Wilder followed that comment with this:
“The important thing I got out of this was Biden separated himself from what he accused the people of doing. As a matter of fact, what he said is they are going to do something to y’all, not to me. Not us. So he was still involved with that separate American … What the president needs to do is disassociate himself from trying to show anybody that division is what this administration is about; as some may have said, ‘cool it, back up’.”
Wilder’s comments were accompanied by African-American Republicans. Artur Davis, an African-American former democratic congressman who was a strong supporter of Barack Obama in 2008 but is now a Republican, strongly condemned Biden:
“I know what Joe Biden was doing. Every black person in that room knew who the ‘y'all’ was. They knew what the chains were. They knew what the metaphor was about.”

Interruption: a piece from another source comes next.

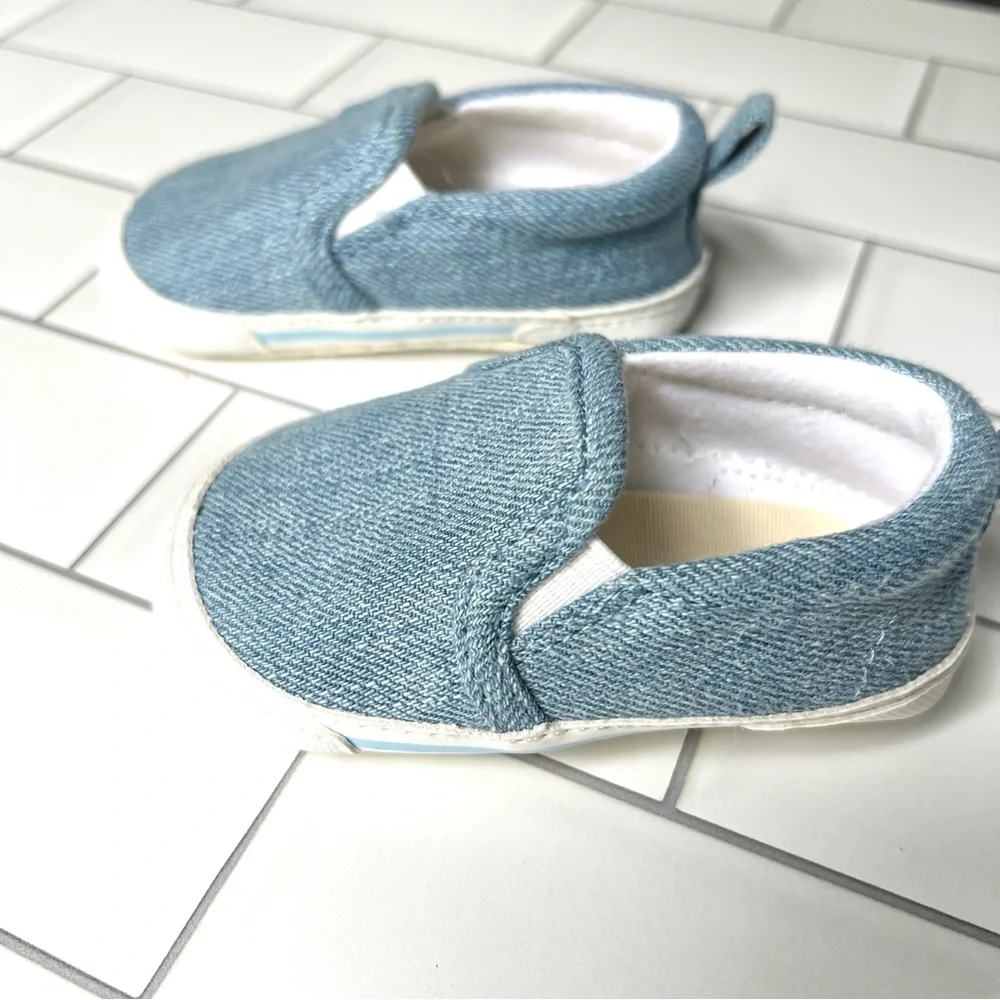 6-12M🩵 Baby GAP Chambray Blue Denim Slip On Crib Shoes LIKE NEW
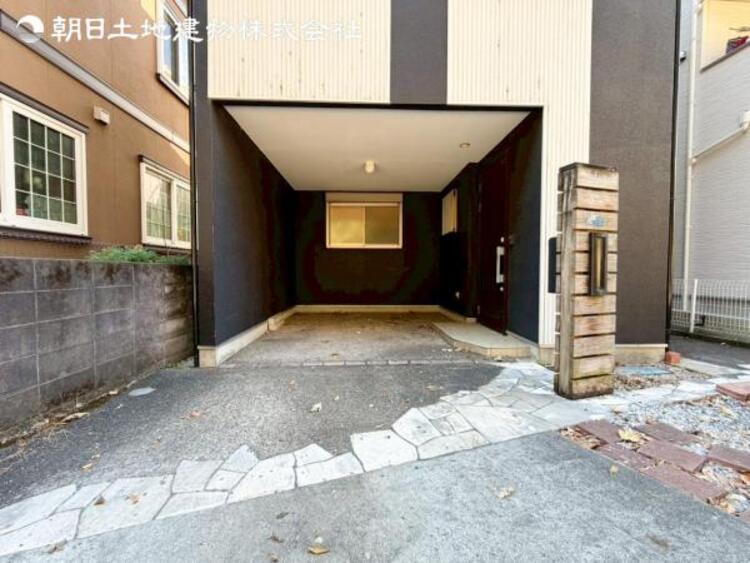 駐車場 これからリフォーム工事を行います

Ron Christie, a African-American former advisor to George W. Bush, echoed that sentiment:
“It’s not just that he said what he said yesterday; it’s the manner in which he said it; he was talking and he had a normal cadence, and then in front of an African American audience, or at least 50-50 or so, he starts preaching like he’s in the pulpit on Sunday as if all African-Americans are going to relate to being in church when they hear from a white politician. It’s a demeaning, a degrading, an insulting manner in which the Vice-President acted. This fits a pattern in which he said then-Senator Obama was fresh and clean and well-spoken, of him saying you can’t go into a 7-11 without finding someone with an Indian dialect.”
African-American Republican congressman Tim Scott (R-S.C.), advisor for Mitt Romney, was also furious:
“These are outrageous comments and it simply plays to the same narrative of the Obama Administration, which is simply divide and conquer, rage and division … it fans the flames of a cultural war.”
African-Americans are almost completely in the Barack Obama camp, but Biden’s remarks have crossed the political divide. Will that awaken the African-American community as to which side is truly racist?